A Vancouver police drug bust at a West End apartment resulted in the arrest of three men -- and the discovery of 10 war medals that were stolen four decades earlier.

The medals from the First World War and Second World War had belonged to Vancouver war hero Aeneas Bell-Irving, who died in 1966.

Speaking to reporters at a police press conference in Vancouver Thursday, the war hero's 78-year-old son Darg Bell-Irving said he is happy that the medals have been recovered after all those years.

"It's certainly a great surprise and a great pleasure," he said.

He said his father lived in a little beachfront house on Point Grey Road, which was broken into a couple times in 1962.

"My sister thinks that maybe the medals were stolen twice," he said. "The original medals were stolen and then he had them replaced and they may have been stolen again."

Darg Bell-Irving said he looks forward to comparing the medals with his father's war photographs and discovering what each piece was awarded for.

"I have great pride in belonging to a family that has a very extraordinary background in terms of its involvement in the First and Second World War," he explained.

The medals were recovered on May 14 when police executed a search warrant by entering a suite at 1041 Comox St.

After finding the medals, a Vancouver police officer who is familiar with military matters, Rob Roy MacKenzie, helped track the history of the medals, which led police to contact Bell-Irving's surviving son and daughter.

Aeneas Bell-Irving was born in 1897 and was active first during World War One.

"The only story I remember from that period is that (my father) was an observer in balloons that were attached to the ground by cables that went up in the air," Darg Bell-Irving said.

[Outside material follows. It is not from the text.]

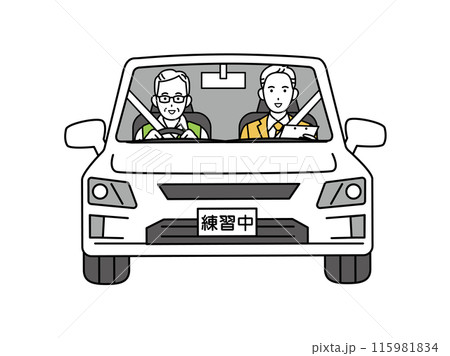 高齢者講習を受ける年配の男性のイラスト 115981834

"If you are in the air and you have something going to the ground, you have an incredible feeling of the height."

Following the war, his father worked in China for 10 years before returning to Vancouver in 1929. He later returned to military service in 1939 working as a commanding officer, "protecting England from German planes," Darg Bell-Irving said.

Aeneas Bell-Irving was a brigadier when he retired. He returned to Vancouver in 1945 where he passed away in November 1966. He was the uncle of former B.C. lieutenant governor Henry Pybus Bell-Irving.

His surviving son and daughter are now trying to decide what to do with the medals.